BONDS & LEVIES:
The Seeds of
Funding for education in the state of Washington is complicated and can lead to questions about how schools receive the money needed to operate. The state of Washington is required to supply school districts with state funding for “basic education” which is based on what is referred to as a “prototypical model” representing the Legislature’s assumptions of what resources are required to provide the program of basic education.
Unfortunately, when the funding provided by the state does not cover the actual costs to operate, construct and maintain a school district, districts often utilize bonds and levies to bridge the gap. This local funding allows school districts to provide the structures and services communities rely on, which allows students to grow and thrive.
Grow & thrive with local support
There are three main types of levies. Click on a sign to read more.
A replacement levy is the renewal of an existing enrichment levy that is about to expire.
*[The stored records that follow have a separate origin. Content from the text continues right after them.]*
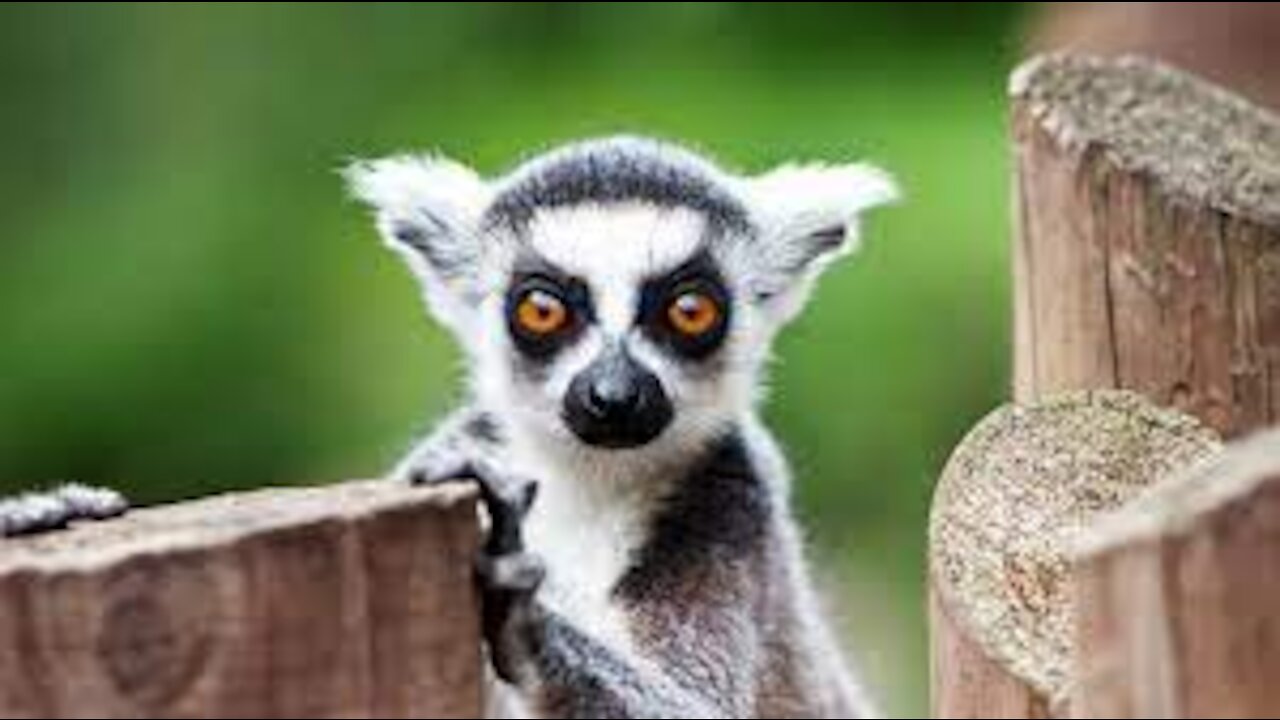 Group_of_Ringtailed_Lemurs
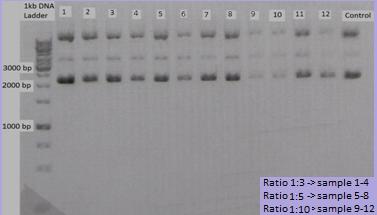 Figure 19: Restriction analysis of pzsv5.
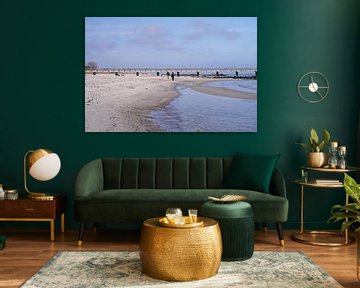 Strandspaziergang mit Hund an der Ostsee von Babetts Bildergalerie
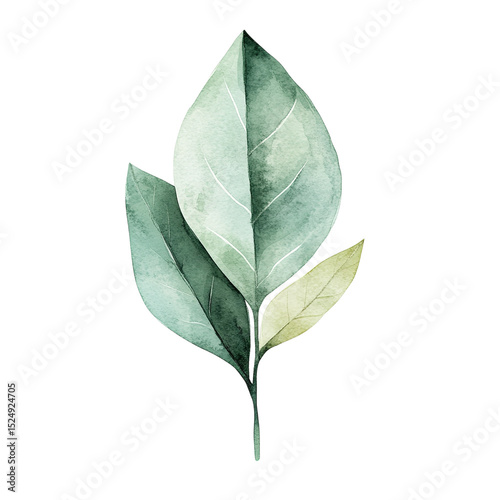 Watercolor leaves illustration botanical art print green leaf painting nature plant foliage organic design on transparent background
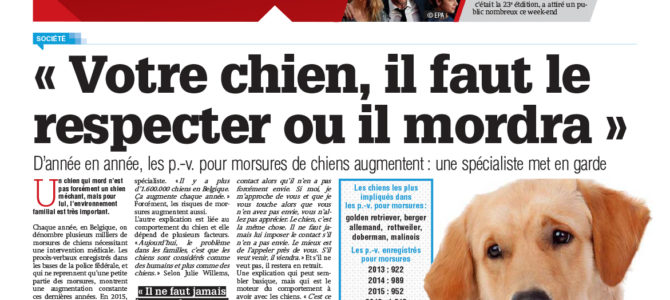 Votre chien, il faut le respecter ou il mordra Votre chien, il faut le respecter ou il mordra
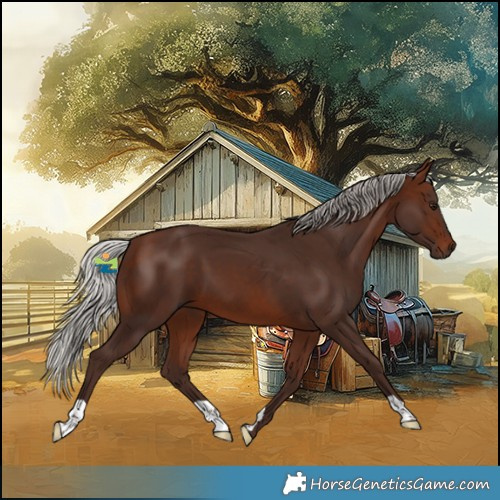 Horse Color:Silver Brown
Typically, if a district is asking for a replacement levy to be approved by voters, it means that it is simply the continuation of an existing tax.
Enrichment levies, also known as Educational Programs and Services (EP&O) and Maintenance and Operations (M&O levies), allow a school district to provide things like teachers, support staff, supplies and materials, or services that the state only partially funds. Funding provided by the state does not fully cover the actual costs to operate a school district, so enrichment levies bridge the gap in funding. Enrichment levies can be approved for up to four years.
Capital levies (which includes tech levies) fund things like modern technology, enhanced building security, and renovation projects. Capital levies can be approved for up to six years.
Transportation levies fund things like new buses or major repairs to older buses to prolong their useful life. Transportation levies can be approved for up to two years.